◆ **What you need to do**
Repeat the data that follows exactly, starting at the line with "QL13 Traffic: The" and ending at the line with "桂林漓江风光及象山公园随拍", and leave out every picture.

◆ **Material provided**

--- START ---

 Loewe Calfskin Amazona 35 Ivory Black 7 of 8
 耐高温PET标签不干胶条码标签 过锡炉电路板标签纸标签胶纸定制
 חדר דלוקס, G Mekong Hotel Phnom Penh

--- END ---
--- START ---

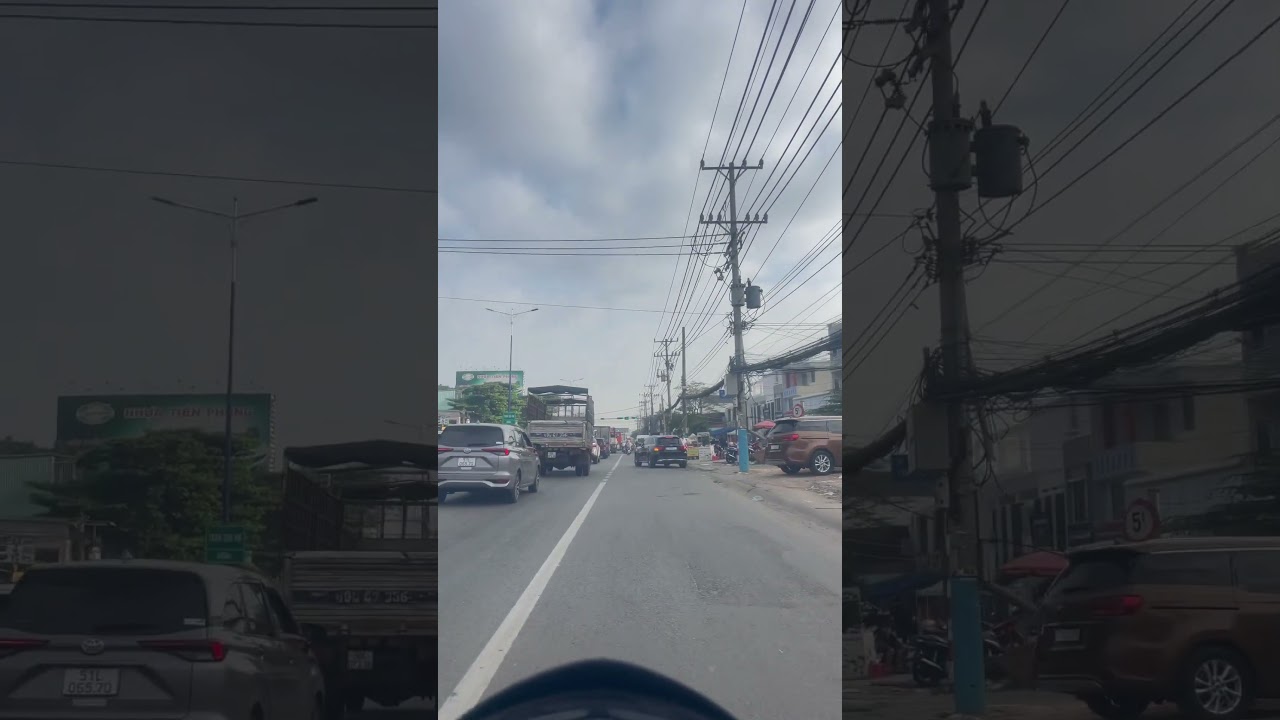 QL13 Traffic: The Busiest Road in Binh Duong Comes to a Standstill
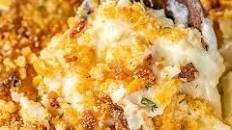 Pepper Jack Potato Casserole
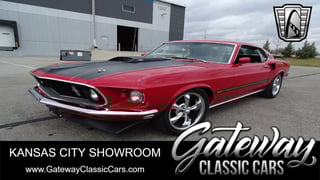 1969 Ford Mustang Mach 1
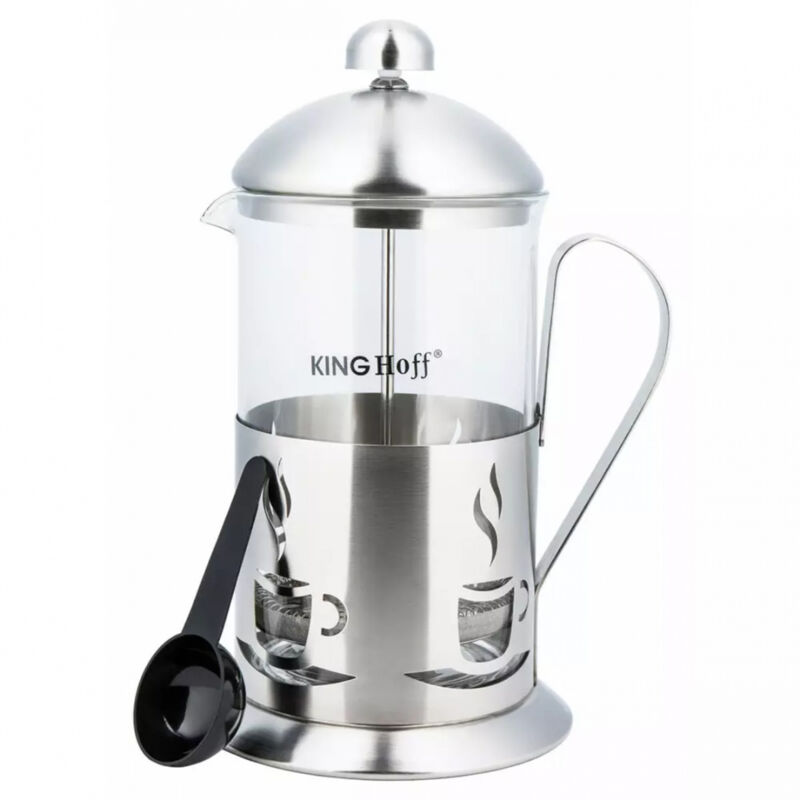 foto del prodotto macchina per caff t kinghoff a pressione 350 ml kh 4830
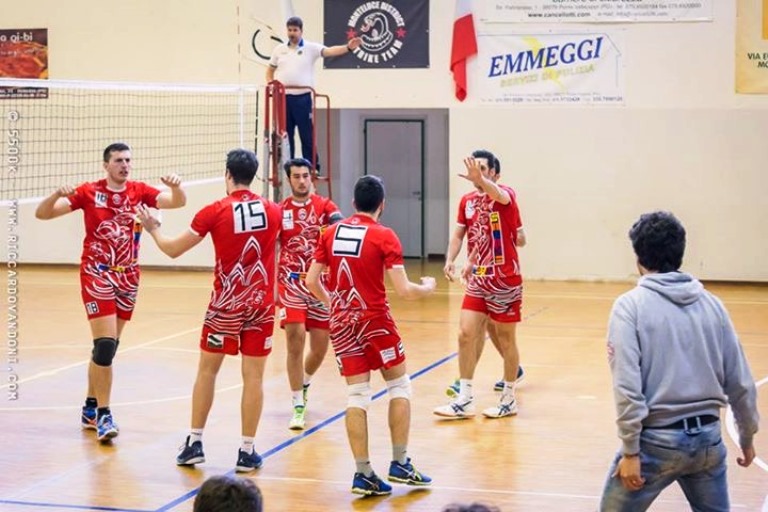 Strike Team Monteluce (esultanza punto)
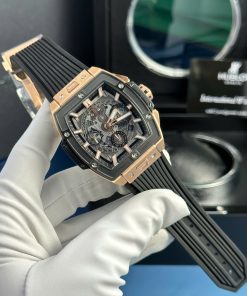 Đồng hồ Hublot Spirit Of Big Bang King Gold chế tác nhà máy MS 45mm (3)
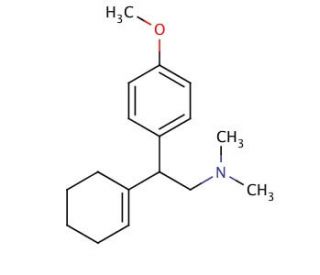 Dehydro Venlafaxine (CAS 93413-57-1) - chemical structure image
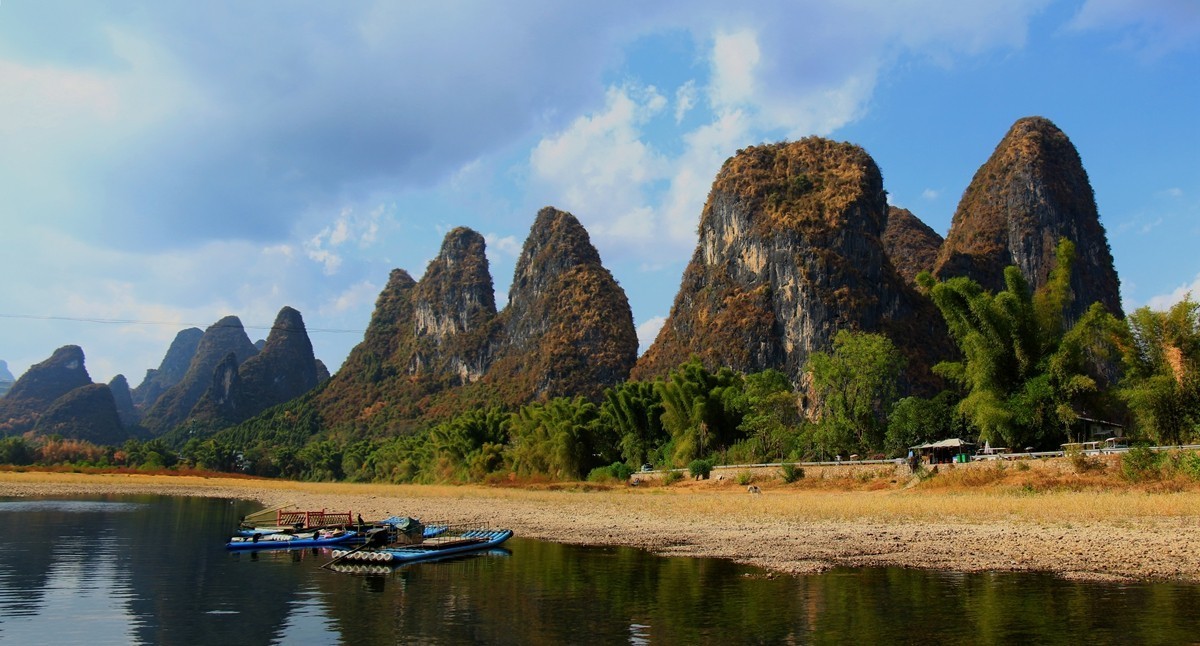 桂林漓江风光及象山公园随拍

--- END ---
--- START ---

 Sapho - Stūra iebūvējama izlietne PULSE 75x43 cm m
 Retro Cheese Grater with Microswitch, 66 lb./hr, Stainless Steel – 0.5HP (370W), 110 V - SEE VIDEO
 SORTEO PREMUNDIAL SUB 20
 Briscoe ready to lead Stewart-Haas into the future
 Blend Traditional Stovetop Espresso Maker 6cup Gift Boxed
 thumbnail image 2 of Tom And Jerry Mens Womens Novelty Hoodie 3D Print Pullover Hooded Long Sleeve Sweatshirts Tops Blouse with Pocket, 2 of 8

--- END ---

◆ **Exercise solution**
 QL13 Traffic: The Busiest Road in Binh Duong Comes to a Standstill
 Pepper Jack Potato Casserole
 1969 Ford Mustang Mach 1
 foto del prodotto macchina per caff t kinghoff a pressione 350 ml kh 4830
 Strike Team Monteluce (esultanza punto)
 Đồng hồ Hublot Spirit Of Big Bang King Gold chế tác nhà máy MS 45mm (3)
 Dehydro Venlafaxine (CAS 93413-57-1) - chemical structure image
 桂林漓江风光及象山公园随拍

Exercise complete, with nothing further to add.